To celebrate the excellence and inventiveness of Glasgow's post-war architecture, Glasgow City Council and Historic Scotland have collaborated in producing a short book on the city's distinguished modern architectural heritage.
This the second publication of its type in Scotland which is recognised through listing. The first book looked at Edinburgh's Post-war Listed Buildings and was published in 2011.
As of 9 May 2012 there are 237 post-war listed buildings in Scotland. Broken down by category there are 45 Cat A, 144 Cat B and 48 Cat C(S).
Listing is intended to recognise the special interest of Scotland's built heritage and to prevent unthinking change. Any building or man-made structure can be considered for listing. Buildings erected after 1945 may merit listing if their special interest is of definite architectural quality. The listing of buildings less than 30 years old requires exceptional rigour because there is not a long historical perspective and they will normally only be considered if they face immediate threat.

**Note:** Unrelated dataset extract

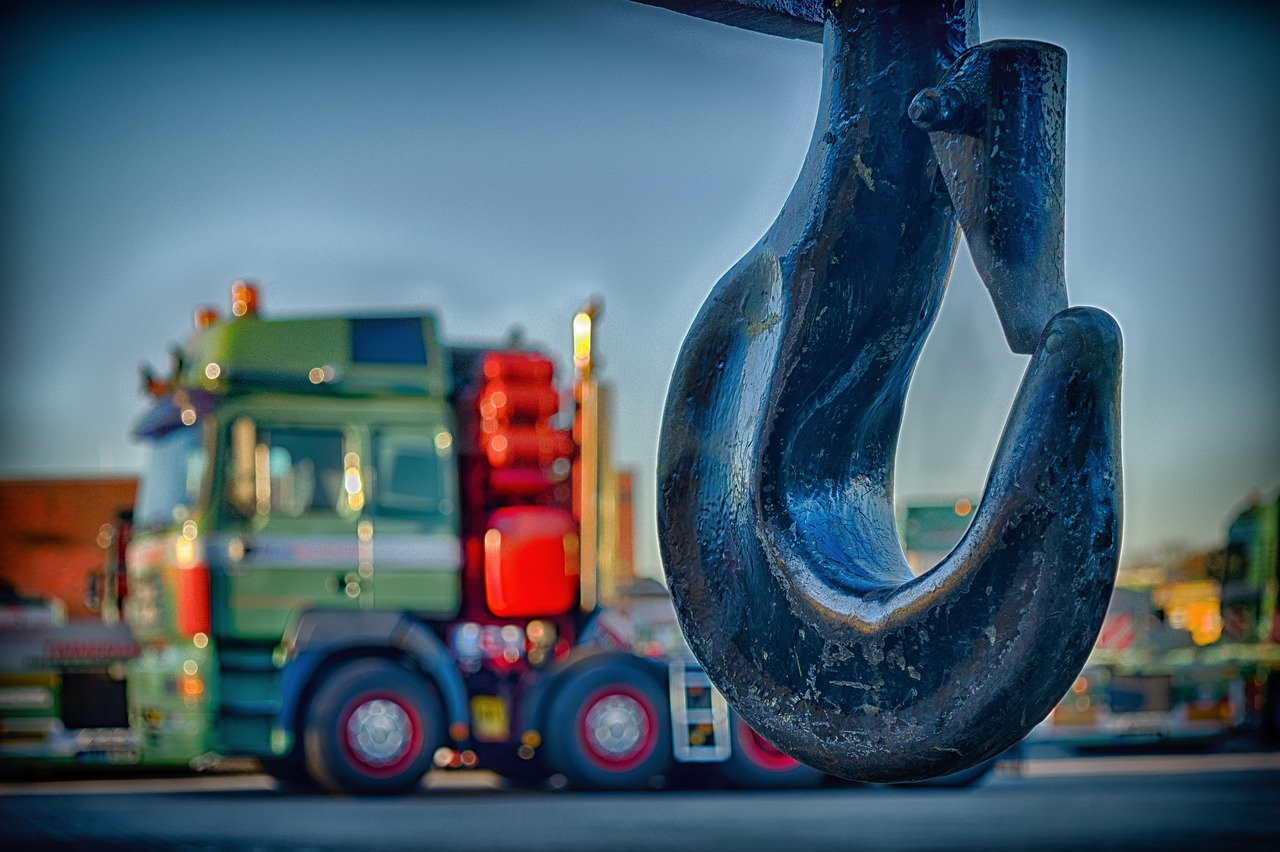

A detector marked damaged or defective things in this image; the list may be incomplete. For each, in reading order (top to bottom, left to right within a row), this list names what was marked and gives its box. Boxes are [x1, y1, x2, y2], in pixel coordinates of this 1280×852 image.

rust on hook [655, 0, 1116, 777]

The first lists of buildings of special architectural or historic interest in Glasgow were compiled in the late 1960s and early 1970s. In the 1980s all of its building stock was comprehensively resurveyed and at this time many of the prominent Victorian and Edwardian buildings were added to the lists, along with a handful of outstanding interwar buildings - many of which were begun before the Second World War and not completed until afterward. Unsurprisingly, it was not possible to recognise the best post-war buildings a mere decade or so after they were first erected, therefore an understanding of them has been built up gradually. In the mid-1990s, with the benefit of growing research into this area of study, post-war buildings have been suggested to Historic Scotland as individual listing proposals, or have been listed following reviews of the work of well-known architects, such as the practice of Gillespie, Kidd and Coia, or Sir Basil Spence and more recently as part of the reviews of significant estates such as the University of Glasgow and the University of Strathclyde.
There are 38 post-war listed buildings in Glasgow (6 Cat A, 28 Cat B, 4 Cat C(S)). This equates to almost 1/5th of the national total of post-war listed buildings.
Gillespie Kidd and Coia are represented the most in the post-war listed buildings currently found in Glasgow with 9 buildings included on the lists. Thomas Cordiner is the second most represented with 5 listed buildings. Both these practices worked extensively for the Glasgow Diocese and many of their listed buildings are churches.
The earliest listing of a post-war building in Glasgow dates to 1989.